NOTE, I had everything ON and playing music as I put it all back together. I wanted to be sure it was working. A few times here and there the amp cut out. I tried wiggling all the wires and banging on things to re-create it. I could not. Not sure what caused that. Now that it is installed, I have not had it happen again. Who knows, there are so many damn wires I am not testing them all out, no way. As long as it doesn't happen again I am happy. If it does, I will pull it all and ask for a replacement from enfig. I would NOT let this deter you as it sounds so much better for $250.

I also do not hear any audio pop when turning on or off. I am not uploading sounds clips, I think there are totally pointless, you cant hear anything to make a decision. Just rest assured the sound is a significant improvement. Not a few thousand dollar system improvement, but WELL worth $250, no question about it.

https://flic.kr/p/2jkdKza


----------



## mhjett (Oct 16, 2000)

Thanks for the details and photos, sounds like a great upgrade and a pretty easy DIY. :thumbup:


----------



## NoDubJustYet (Mar 25, 2002)

Wow, nice work. :beer:

Might have to do this...


----------



## speed51133! (Aug 5, 2002)

so after driving around a few days my overall impressions is that it is great for high volume listeners. It really opens up when you crank it up. At low to mid volume, it is not very noticeable. I am particularly referring to the base. I have the base now set all the way up and mid and highs almost all the way down. It really needs a sub to get the low frequencies to wake up.

Still worth it, don't get me wrong, but for low volume listening it doesn't do a whole lot. I guess low volume listeners probably don't care as much, but I enjoy not having blasting highs ti be able to hear the base notes.


----------



## mhjett (Oct 16, 2000)

So, no radio coding necessary right? And presumably the amp uses speaker-level inputs?


----------



## speed51133! (Aug 5, 2002)

No coding whatsoever. I don't see why you would even need it? It is plug and play, uses speaker level input.


----------



## emdy (Nov 18, 2019)

So, would this work on a S without the CD player?


----------



## speed51133! (Aug 5, 2002)

emdy said:


> So, would this work on a S without the CD player?


No idea. Doubt it.


----------



## NoDubJustYet (Mar 25, 2002)

So this is sold out now...

/sad trombone


----------



## speed51133! (Aug 5, 2002)

the amp was discontinued

I bet if you can find that amp and send it to them, they would make the kit. All they do is make the wiring harness.

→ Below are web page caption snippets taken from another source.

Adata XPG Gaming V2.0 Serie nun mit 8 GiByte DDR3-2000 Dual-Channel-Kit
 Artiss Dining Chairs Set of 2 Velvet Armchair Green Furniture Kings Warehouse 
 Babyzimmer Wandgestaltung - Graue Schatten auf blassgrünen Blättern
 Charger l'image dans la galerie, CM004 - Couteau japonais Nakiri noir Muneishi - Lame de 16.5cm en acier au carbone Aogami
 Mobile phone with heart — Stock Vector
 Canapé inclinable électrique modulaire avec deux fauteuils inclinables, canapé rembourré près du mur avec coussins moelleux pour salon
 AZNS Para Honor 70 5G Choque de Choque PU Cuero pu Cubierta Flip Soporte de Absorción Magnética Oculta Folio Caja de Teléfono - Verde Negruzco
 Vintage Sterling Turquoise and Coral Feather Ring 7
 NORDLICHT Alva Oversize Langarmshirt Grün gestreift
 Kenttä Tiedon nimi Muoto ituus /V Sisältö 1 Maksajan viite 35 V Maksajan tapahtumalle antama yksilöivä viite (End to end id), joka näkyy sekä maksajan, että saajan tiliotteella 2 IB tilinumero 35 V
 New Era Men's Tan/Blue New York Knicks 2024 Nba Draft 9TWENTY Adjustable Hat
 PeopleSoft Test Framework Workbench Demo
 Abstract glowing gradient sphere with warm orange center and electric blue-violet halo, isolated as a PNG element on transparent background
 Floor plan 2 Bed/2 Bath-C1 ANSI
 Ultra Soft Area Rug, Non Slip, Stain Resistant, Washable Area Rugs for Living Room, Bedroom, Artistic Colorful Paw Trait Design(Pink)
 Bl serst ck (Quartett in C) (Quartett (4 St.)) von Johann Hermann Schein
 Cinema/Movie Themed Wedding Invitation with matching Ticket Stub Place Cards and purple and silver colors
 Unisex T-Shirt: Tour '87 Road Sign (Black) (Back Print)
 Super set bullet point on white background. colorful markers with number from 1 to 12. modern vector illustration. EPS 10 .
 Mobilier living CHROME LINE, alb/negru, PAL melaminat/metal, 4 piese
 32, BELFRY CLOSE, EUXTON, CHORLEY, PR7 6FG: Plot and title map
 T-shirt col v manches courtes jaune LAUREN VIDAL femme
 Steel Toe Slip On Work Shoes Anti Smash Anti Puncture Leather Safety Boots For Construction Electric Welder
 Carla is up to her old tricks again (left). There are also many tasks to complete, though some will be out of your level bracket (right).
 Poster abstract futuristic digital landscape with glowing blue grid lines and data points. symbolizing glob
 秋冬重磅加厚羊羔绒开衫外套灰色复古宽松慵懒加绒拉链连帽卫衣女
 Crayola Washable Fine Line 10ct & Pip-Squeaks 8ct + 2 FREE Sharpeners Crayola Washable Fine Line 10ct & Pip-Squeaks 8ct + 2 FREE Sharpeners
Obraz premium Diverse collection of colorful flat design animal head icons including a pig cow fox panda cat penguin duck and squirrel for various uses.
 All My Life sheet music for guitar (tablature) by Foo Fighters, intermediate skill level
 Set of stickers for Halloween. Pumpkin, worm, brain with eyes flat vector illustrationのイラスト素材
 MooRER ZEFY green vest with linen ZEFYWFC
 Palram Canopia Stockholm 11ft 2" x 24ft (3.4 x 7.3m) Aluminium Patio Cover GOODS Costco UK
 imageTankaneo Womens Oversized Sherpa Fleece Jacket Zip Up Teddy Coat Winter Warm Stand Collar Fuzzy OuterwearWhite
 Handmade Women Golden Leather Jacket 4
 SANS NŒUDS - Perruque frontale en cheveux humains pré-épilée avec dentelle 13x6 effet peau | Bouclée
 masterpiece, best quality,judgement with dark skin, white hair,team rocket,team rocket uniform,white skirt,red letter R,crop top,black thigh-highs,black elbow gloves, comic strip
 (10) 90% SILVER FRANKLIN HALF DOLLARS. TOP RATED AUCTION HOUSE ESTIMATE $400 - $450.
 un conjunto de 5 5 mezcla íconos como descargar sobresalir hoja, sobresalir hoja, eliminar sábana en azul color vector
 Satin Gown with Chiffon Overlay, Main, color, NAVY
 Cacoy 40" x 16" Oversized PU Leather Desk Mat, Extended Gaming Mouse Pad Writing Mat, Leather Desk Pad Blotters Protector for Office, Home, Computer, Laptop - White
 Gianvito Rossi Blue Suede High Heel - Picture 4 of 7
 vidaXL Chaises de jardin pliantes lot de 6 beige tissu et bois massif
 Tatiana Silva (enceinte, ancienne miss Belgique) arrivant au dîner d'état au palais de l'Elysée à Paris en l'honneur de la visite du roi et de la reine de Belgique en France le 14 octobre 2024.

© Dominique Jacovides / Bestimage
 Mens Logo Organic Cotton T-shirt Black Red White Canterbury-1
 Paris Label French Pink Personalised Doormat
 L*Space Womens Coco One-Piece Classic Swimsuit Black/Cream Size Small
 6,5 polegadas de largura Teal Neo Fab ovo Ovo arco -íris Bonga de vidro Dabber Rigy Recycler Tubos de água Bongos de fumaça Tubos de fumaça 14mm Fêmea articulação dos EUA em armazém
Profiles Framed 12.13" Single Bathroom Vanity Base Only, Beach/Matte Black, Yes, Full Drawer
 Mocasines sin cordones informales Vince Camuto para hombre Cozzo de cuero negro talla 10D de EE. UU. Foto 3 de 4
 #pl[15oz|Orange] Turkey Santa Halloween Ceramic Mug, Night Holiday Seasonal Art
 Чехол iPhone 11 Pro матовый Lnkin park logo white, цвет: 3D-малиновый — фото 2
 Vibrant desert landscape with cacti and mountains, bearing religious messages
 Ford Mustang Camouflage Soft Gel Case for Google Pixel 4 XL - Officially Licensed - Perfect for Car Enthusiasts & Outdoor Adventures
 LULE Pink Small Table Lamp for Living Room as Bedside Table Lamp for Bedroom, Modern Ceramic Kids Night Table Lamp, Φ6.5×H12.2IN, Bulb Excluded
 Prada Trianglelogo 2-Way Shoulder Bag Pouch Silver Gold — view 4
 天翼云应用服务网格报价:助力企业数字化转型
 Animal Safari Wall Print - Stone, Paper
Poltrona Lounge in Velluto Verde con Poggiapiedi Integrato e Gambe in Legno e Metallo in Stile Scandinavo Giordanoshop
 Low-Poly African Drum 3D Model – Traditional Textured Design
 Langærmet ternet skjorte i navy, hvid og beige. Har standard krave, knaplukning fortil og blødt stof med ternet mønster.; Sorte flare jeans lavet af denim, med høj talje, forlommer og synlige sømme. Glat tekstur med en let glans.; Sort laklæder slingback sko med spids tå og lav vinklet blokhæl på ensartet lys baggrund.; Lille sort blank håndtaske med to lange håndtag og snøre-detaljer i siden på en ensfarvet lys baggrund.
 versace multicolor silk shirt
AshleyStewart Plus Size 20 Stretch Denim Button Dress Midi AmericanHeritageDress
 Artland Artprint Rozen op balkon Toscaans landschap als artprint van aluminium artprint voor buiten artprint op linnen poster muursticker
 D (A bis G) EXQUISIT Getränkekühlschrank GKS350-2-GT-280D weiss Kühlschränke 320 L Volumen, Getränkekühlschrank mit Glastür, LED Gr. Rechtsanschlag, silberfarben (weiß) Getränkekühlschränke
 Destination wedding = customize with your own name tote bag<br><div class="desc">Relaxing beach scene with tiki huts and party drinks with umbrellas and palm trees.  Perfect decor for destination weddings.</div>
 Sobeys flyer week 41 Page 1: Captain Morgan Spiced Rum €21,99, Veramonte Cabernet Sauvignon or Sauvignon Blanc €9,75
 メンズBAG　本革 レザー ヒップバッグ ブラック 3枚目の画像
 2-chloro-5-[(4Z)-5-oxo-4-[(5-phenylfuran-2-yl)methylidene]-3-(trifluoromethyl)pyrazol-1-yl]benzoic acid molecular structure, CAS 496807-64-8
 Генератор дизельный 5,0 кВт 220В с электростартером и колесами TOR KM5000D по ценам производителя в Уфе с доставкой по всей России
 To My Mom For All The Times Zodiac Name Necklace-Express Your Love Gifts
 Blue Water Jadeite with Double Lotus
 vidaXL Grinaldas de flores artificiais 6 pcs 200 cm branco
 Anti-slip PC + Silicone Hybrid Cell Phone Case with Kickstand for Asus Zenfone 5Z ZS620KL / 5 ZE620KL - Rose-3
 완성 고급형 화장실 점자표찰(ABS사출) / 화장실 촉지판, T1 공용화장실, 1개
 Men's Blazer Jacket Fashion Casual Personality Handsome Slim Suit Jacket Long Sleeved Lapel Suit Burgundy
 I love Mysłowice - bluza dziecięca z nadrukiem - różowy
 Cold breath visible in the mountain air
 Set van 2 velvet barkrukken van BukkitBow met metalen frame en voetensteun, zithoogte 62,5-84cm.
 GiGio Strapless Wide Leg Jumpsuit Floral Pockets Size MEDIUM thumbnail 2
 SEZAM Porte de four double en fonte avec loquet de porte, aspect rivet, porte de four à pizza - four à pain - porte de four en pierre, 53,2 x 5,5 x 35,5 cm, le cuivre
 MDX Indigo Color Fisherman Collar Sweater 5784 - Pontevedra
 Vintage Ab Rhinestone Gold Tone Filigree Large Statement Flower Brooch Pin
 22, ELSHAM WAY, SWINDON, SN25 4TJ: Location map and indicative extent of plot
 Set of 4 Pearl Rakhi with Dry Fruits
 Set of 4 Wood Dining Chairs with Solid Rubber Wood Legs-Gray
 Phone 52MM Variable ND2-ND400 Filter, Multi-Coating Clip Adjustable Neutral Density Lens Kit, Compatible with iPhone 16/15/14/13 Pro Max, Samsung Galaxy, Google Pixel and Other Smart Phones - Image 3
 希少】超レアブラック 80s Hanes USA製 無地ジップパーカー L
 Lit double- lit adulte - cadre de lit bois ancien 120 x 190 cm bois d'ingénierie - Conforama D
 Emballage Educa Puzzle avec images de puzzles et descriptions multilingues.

https://shop.pioneerelectronics.com/p/gm-d1004

I would call Enfig and ask them. Looks like you can still buy the amp. According to crutchfield it was discontinued.

https://www.amazon.com/Pioneer-GM-D1004-4-Channel-Digital-Amplifier/dp/B00O8B7BXQ


----------



## Lonestar_22 (Oct 29, 2020)

NoDubJustYet said:


> So this is sold out now...
> 
> /sad trombone


 they Kicker KEY180 is the same dimensions as the Pioneer amp and has alot more features. They should be able to use that one instead.


----------



## NoDubJustYet (Mar 25, 2002)

speed51133! said:


> the amp was discontinued
> 
> I bet if you can find that amp and send it to them, they would make the kit. All they do is make the wiring harness.
> 
> ...



Good idea, thanks. :beer:


----------



## samwoo (Apr 16, 2020)

i replaced everything except the head unit and I use Tidal through my phone (master copies when available)
*800w d4000 polk amp 
4 infinity kappas 2ohm
audio DM608
10-inch kicker q class sub 2ohm
the speaker in the doors are not very good replace these before you mess with the amp and see how that goes first​*


----------